And it doesnt need arrows either. U forgot!

----------


## Captain Planet

> And it doesnt need arrows either. U forgot!


ya but arrows provide dps and without them this is just 1 dps below illidan bow with timeless arrows

----------


## meh

kinda odd that it doesn't use ammo but I think it's great to see more legendaries out there.

----------


## timmeg

more bag spaces for me now?  :Big Grin: 
wow id stab for it

----------


## swisscheese

> ya but arrows provide dps and without them this is just 1 dps below illidan bow with timeless arrows


One quick question, is it ABLE to use arrows? Like, if you run outta arrows cause a raid has gone on for ever or something, you can still you ist? or is it like a throw wepon w/o durability lost when you shoot?

----------


## JMan806

> One quick question, is it ABLE to use arrows? Like, if you run outta arrows cause a raid has gone on for ever or something, you can still you ist? or is it like a throw wepon w/o durability lost when you shoot?

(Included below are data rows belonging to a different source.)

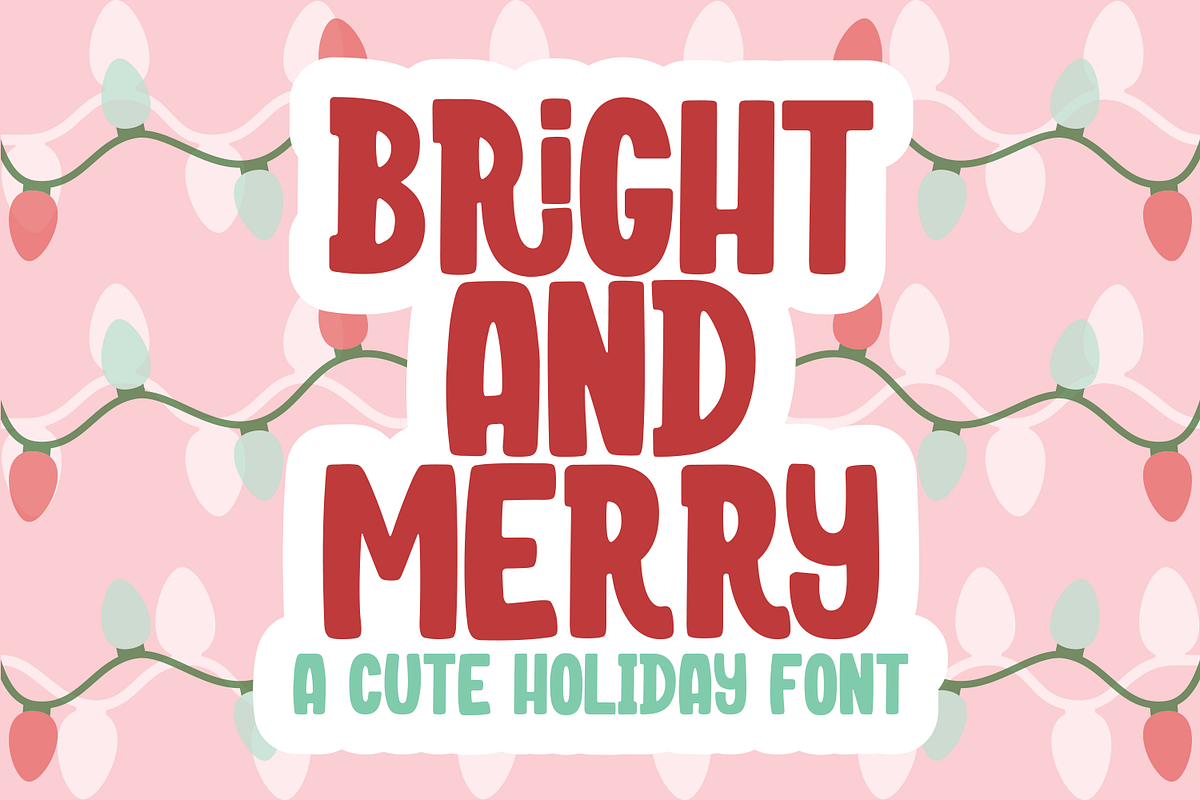 Bright and Merry a cute Holiday Font, a Sans Serif Font by Amber Nest Design (Photo 1 of 8)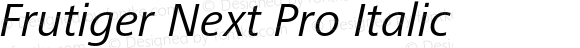 Frutiger Next Pro Italic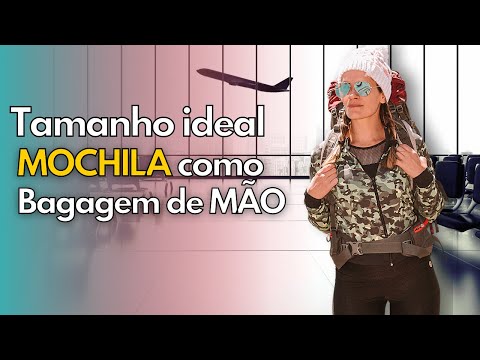 Qual é o tamanho ideal da mochila para voo?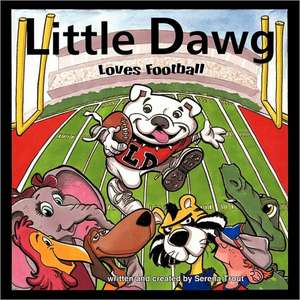 Little Dawg Loves Football de Serena Trout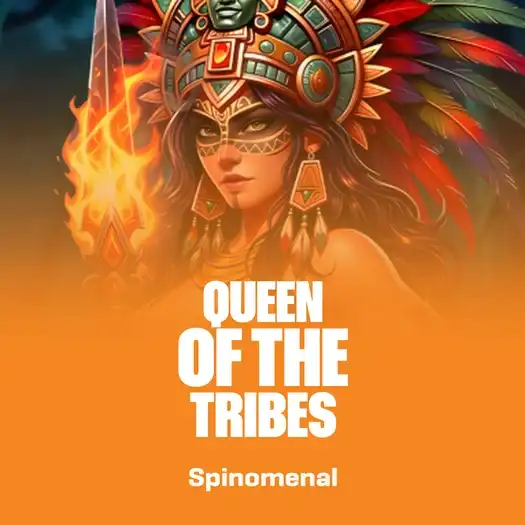 Queen Of The Tribes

it should from my understanding, course it hasn't dropped yet on our server to test that.

----------


## Mr.Ice.Cold

Looks great!

----------


## Sondrekek

cool ;P

somebody know when the stat will come out ?

----------


## Captain Planet

> it should from my understanding, course it hasn't dropped yet on our server to test that.


no it doesn't use arrows as said by blizz it makes its own arrows

the only thing this thing is good for is steady shot

----------


## brentaal

> ya but arrows provide dps and without them this is just 1 dps below illidan bow with timeless arrows


Not entirely true. Some shots don't scale with arrow dps (more specifically, Steady Shot, which hasn't got arrow dps included in the formula). Therefore, this bow will be a great upgrade for BM hunters, especially those who use the 3:2 rotation.

----------


## Herektor

> when can we get a legendary caster weapon ? :P :P :P


poor little noob, you already have one, google ATIESH...

----------


## Dracle

> poor little noob, you already have one, google ATIESH...


Wooh. Little smartass are we now?

----------


## Flipperfin

I want that bow so bad :P It looks really awesome imo, but im no raider so ill continue gazing at those who might get it.

What about that Atiesh staff though? Is it really rare because ive never seen it.

----------


## Scuzzbuzz

Lol the hunter bow, i still laugh at the fact they all whine that its not good enough :/

Thunderfury FTW!

Scuzz<3

----------


## Kcquipor

Gif me Dirge ^^

----------


## dizfire

> sweet items, now hunter are even more imba


Since when hunterse were imba :P 

Ok maybe with this bow they are. Lol!

----------


## Shadowaves

wtb all haha

----------


## Xterminio

looks awesome

----------


## evilsorrow

awesome thanx alot for this id +rep if i could

----------